__ACTIVITY__: Omit the pictures and reproduce the rest of the listing exactly.

[SUPPLIED INFORMATION Boundary: Start]

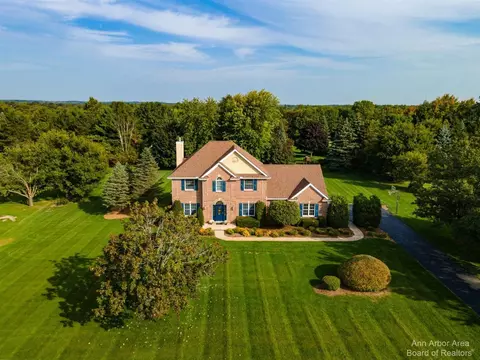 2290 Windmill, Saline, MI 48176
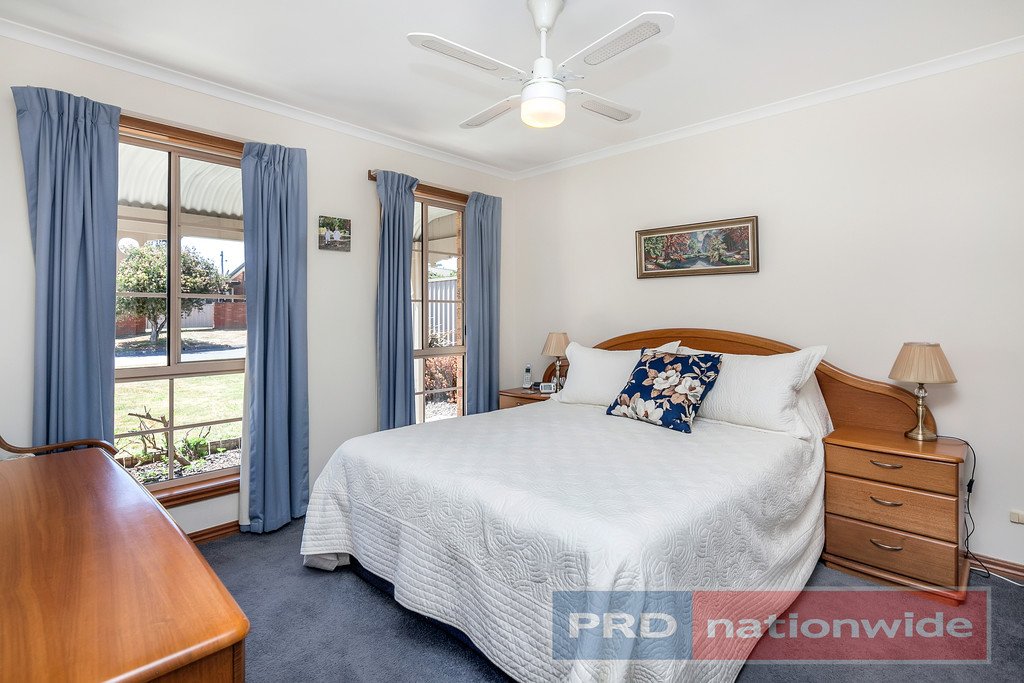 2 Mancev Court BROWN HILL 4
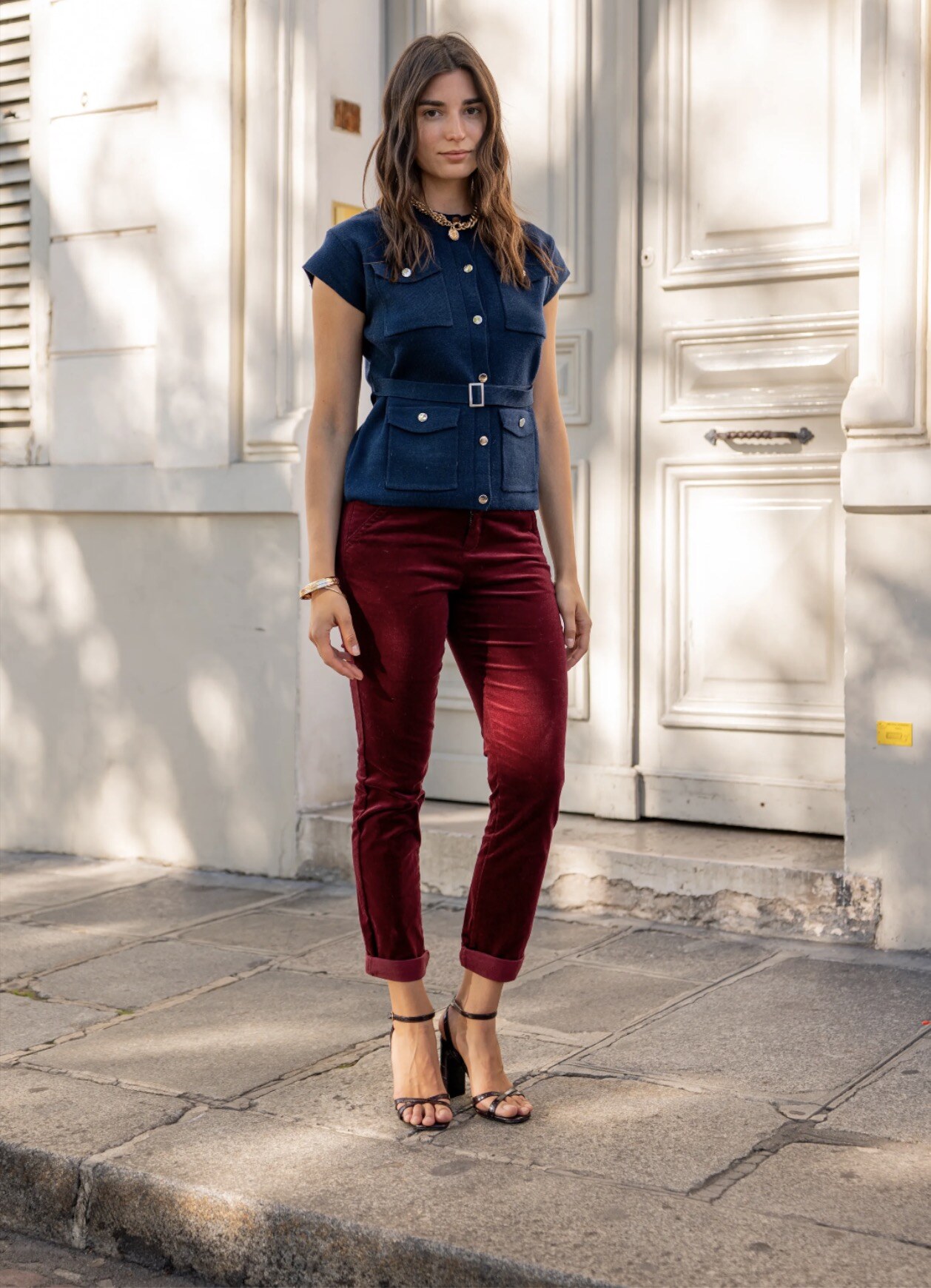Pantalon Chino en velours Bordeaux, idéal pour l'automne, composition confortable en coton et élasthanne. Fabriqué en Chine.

[SUPPLIED INFORMATION Boundary: End]

__ANSWER SECTION__:
 2290 Windmill, Saline, MI 48176
 2 Mancev Court BROWN HILL 4
Pantalon Chino en velours Bordeaux, idéal pour l'automne, composition confortable en coton et élasthanne. Fabriqué en Chine.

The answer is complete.